If your piano is finished in polyester high gloss, there may be some need for polishing, sanding, repairing small chips or more significant damage repair. Additionally to polishing your piano with the gloss finish, polyester high gloss lacquer may be refinished in a brushed satin finish for a gentle sheen.

Piano Polyester Repairs

Damage to your piano? Big or small, we can help. Small nicks, deep scratches or a more significant impact – such as a crushed corner – can be repaired. The degree of repair required will determine if it can be an onsite repair or at our workshops.

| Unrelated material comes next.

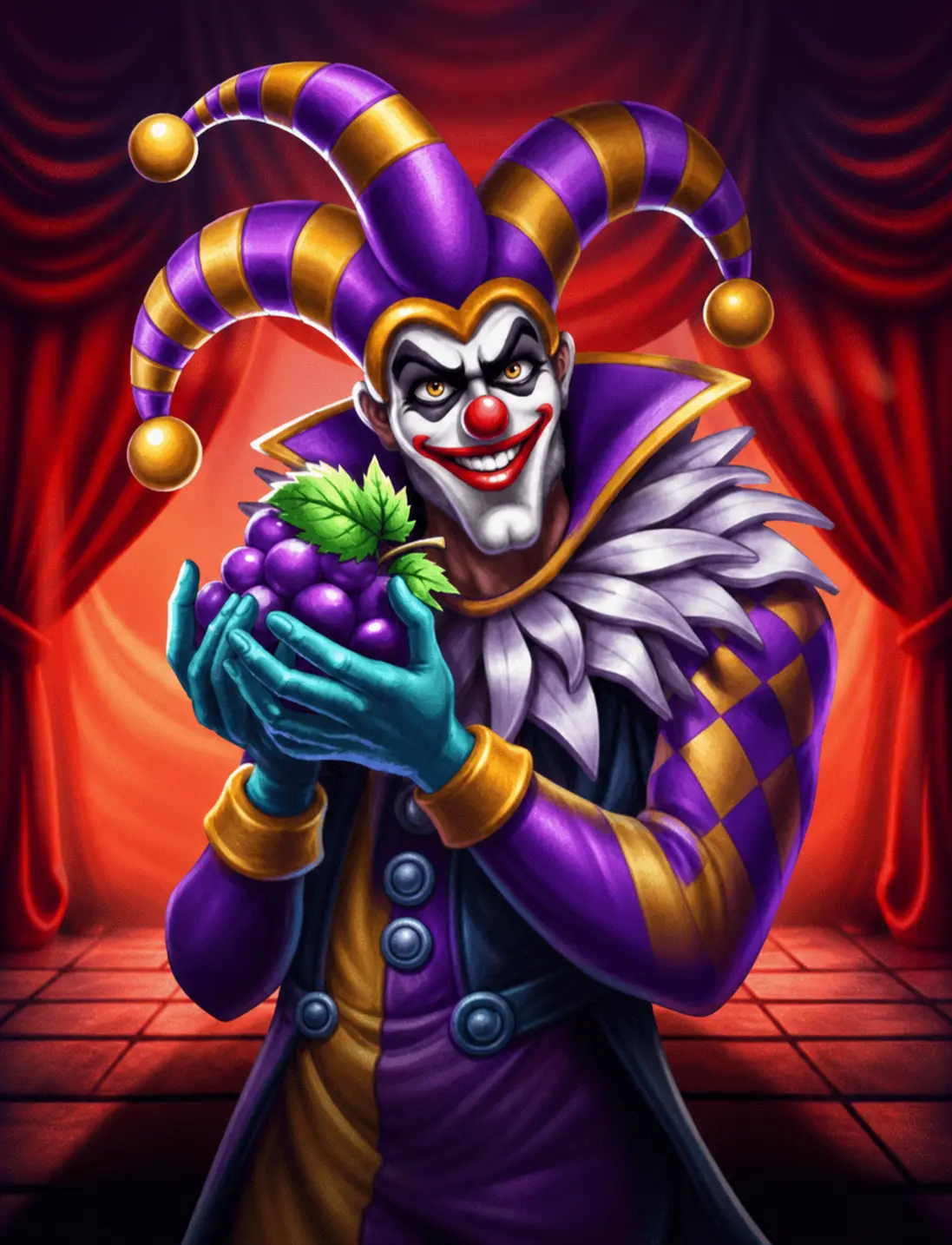 Joker Fruit by 5men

For clear gloss with wood veneer, it may be necessary to re-veneer the damaged area. For a solid gloss such as black, white or other – we can repair without need to re-veneer. Deep scratches, chips and dents are cut out and filled with polyester, planed back, sanded and polished. Deep dents, smashed corners or crushed edges will need to be cut away and rebuilt with timbers before then being fill repaired or resprayed. We have onsite and offsite facilities for polyester spray repairs. This is highly specialised work and not a standard procedure for a bodyshop or automotive smart repair.

Cabinet Hardware Polishing

Hinges, cabinet screws, castors, locks, retainers, fallboard letterset (logo), pedals and perimeter bolts can be highly polished to a perfect mirror finish and protected with a coat of metal lacquer. Some customers may prefer a ‘brushed’ or ‘satin’ finish.

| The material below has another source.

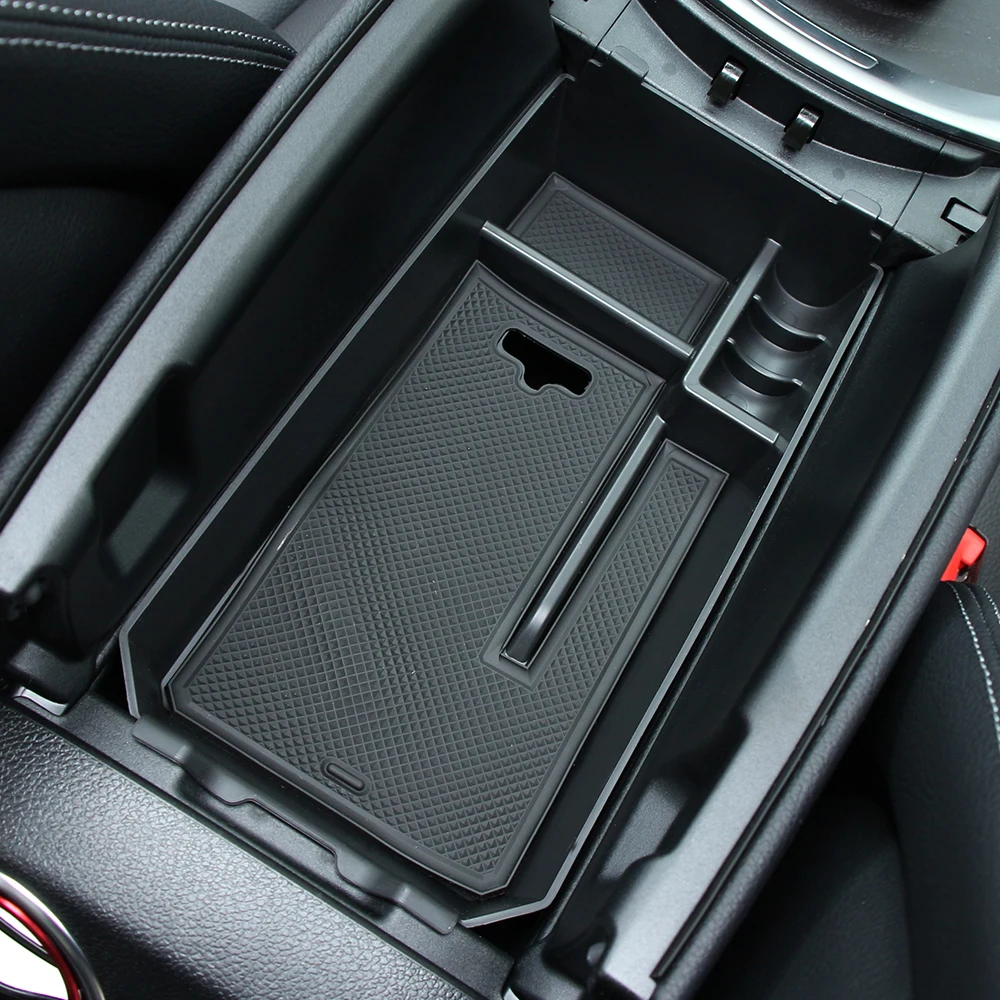 For Mercedes Benz EQC GLC C Class C200 C180 GLC250 MB W205 X253 Central Control Console Armrest Box Storage Sundries Packing Box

Rotary polisher with a twisted lambswool mop in use on a clear high gloss polyester lacquer finish

Sanding and Polishing

High wear areas of the piano will become scratched with ‘skating’ and dulled with micro abrasions. This can usually be wet sanded and buffed to a scratch-free result. Provided there is sufficient coating thickness a flawless ‘new’ finish is achieved from the original coating. 

A process of sanding with good extraction and a special finishing disc (superior to wood and automotive types) at grades deemed necessary to remove imperfections, with refinements through to pre-polishing stage. Compounding and polishing follows to bring up the deep lustre and glass like gloss of the polyester lacquer.


Naturals (white keys) are usually topped with acrylic on modern pianos. The surface will become scratched, creating an opportunity for a superb finish to be restored. The sides of the naturals will be scraped clean also, removing years of dirt and oils which have discolored the sides of the spruce keys which are exposed when the adjacent keys are depressed.

Sharps (black keys) are with a 12mm keytop made of phenolic resin, ebony, or composite. The spruce key itself, beneath the 12mm top, sides of the keys are painted black. This paint can be reapplied to cover the worn area, so the spruce is not visible on a sharp. While phenolic resin keytops usually only require cleaning, the ebony or composite keytops can be sanded, stained and sealed.